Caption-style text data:
--

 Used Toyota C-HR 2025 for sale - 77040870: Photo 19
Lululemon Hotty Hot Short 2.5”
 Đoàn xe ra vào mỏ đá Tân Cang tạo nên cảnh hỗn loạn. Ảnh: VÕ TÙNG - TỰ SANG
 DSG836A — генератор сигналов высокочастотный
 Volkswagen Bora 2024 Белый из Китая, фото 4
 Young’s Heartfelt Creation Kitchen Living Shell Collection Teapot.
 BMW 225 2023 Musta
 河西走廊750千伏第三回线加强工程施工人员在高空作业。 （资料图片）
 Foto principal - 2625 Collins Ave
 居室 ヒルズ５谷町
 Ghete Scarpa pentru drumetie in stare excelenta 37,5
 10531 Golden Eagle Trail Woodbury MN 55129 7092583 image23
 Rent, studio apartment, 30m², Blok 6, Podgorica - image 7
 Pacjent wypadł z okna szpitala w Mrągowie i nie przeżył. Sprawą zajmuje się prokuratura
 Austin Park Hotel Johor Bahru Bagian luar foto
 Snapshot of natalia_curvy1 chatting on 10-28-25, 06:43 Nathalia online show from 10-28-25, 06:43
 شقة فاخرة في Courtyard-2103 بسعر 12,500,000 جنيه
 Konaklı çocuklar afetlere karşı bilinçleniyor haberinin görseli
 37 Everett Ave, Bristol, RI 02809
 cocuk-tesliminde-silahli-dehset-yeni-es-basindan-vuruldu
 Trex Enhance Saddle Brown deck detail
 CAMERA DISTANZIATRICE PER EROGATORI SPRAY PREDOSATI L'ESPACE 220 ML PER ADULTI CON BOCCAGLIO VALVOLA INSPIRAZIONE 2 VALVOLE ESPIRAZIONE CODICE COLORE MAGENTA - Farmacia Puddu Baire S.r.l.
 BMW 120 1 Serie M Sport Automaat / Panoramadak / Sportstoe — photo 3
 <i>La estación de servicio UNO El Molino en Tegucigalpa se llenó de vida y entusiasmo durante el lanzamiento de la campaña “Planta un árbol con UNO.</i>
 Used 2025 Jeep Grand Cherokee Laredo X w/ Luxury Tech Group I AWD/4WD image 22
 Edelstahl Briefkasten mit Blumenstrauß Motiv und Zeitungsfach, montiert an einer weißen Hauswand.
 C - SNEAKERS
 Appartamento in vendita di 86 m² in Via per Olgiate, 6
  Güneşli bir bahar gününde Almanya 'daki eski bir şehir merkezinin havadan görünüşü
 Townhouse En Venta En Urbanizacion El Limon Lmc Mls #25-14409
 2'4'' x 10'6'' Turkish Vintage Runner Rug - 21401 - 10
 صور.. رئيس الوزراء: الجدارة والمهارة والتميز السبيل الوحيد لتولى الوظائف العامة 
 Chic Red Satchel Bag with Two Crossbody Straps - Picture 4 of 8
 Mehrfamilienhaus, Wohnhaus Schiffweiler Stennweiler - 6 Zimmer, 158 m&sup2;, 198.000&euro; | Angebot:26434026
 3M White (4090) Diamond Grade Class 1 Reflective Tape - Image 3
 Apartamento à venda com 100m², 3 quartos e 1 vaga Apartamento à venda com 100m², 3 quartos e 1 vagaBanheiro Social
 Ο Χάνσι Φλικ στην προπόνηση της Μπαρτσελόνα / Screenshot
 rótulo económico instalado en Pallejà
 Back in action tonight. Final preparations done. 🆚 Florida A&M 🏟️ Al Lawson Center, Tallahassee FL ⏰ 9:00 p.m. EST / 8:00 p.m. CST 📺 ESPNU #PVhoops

--

WORK TO COMPLETE
Every entry must be repeated exactly; none may be skipped.

ANSWER TO THIS TASK
 Used Toyota C-HR 2025 for sale - 77040870: Photo 19
Lululemon Hotty Hot Short 2.5”
 Đoàn xe ra vào mỏ đá Tân Cang tạo nên cảnh hỗn loạn. Ảnh: VÕ TÙNG - TỰ SANG
 DSG836A — генератор сигналов высокочастотный
 Volkswagen Bora 2024 Белый из Китая, фото 4
 Young’s Heartfelt Creation Kitchen Living Shell Collection Teapot.
 BMW 225 2023 Musta
 河西走廊750千伏第三回线加强工程施工人员在高空作业。 （资料图片）
 Foto principal - 2625 Collins Ave
 居室 ヒルズ５谷町
 Ghete Scarpa pentru drumetie in stare excelenta 37,5
 10531 Golden Eagle Trail Woodbury MN 55129 7092583 image23
 Rent, studio apartment, 30m², Blok 6, Podgorica - image 7
 Pacjent wypadł z okna szpitala w Mrągowie i nie przeżył. Sprawą zajmuje się prokuratura
 Austin Park Hotel Johor Bahru Bagian luar foto
 Snapshot of natalia_curvy1 chatting on 10-28-25, 06:43 Nathalia online show from 10-28-25, 06:43
 شقة فاخرة في Courtyard-2103 بسعر 12,500,000 جنيه
 Konaklı çocuklar afetlere karşı bilinçleniyor haberinin görseli
 37 Everett Ave, Bristol, RI 02809
 cocuk-tesliminde-silahli-dehset-yeni-es-basindan-vuruldu
 Trex Enhance Saddle Brown deck detail
 CAMERA DISTANZIATRICE PER EROGATORI SPRAY PREDOSATI L'ESPACE 220 ML PER ADULTI CON BOCCAGLIO VALVOLA INSPIRAZIONE 2 VALVOLE ESPIRAZIONE CODICE COLORE MAGENTA - Farmacia Puddu Baire S.r.l.
 BMW 120 1 Serie M Sport Automaat / Panoramadak / Sportstoe — photo 3
 <i>La estación de servicio UNO El Molino en Tegucigalpa se llenó de vida y entusiasmo durante el lanzamiento de la campaña “Planta un árbol con UNO.</i>
 Used 2025 Jeep Grand Cherokee Laredo X w/ Luxury Tech Group I AWD/4WD image 22
 Edelstahl Briefkasten mit Blumenstrauß Motiv und Zeitungsfach, montiert an einer weißen Hauswand.
 C - SNEAKERS
 Appartamento in vendita di 86 m² in Via per Olgiate, 6
  Güneşli bir bahar gününde Almanya 'daki eski bir şehir merkezinin havadan görünüşü
 Townhouse En Venta En Urbanizacion El Limon Lmc Mls #25-14409
 2'4'' x 10'6'' Turkish Vintage Runner Rug - 21401 - 10
 صور.. رئيس الوزراء: الجدارة والمهارة والتميز السبيل الوحيد لتولى الوظائف العامة 
 Chic Red Satchel Bag with Two Crossbody Straps - Picture 4 of 8
 Mehrfamilienhaus, Wohnhaus Schiffweiler Stennweiler - 6 Zimmer, 158 m&sup2;, 198.000&euro; | Angebot:26434026
 3M White (4090) Diamond Grade Class 1 Reflective Tape - Image 3
 Apartamento à venda com 100m², 3 quartos e 1 vaga Apartamento à venda com 100m², 3 quartos e 1 vagaBanheiro Social
 Ο Χάνσι Φλικ στην προπόνηση της Μπαρτσελόνα / Screenshot
 rótulo económico instalado en Pallejà
 Back in action tonight. Final preparations done. 🆚 Florida A&M 🏟️ Al Lawson Center, Tallahassee FL ⏰ 9:00 p.m. EST / 8:00 p.m. CST 📺 ESPNU #PVhoops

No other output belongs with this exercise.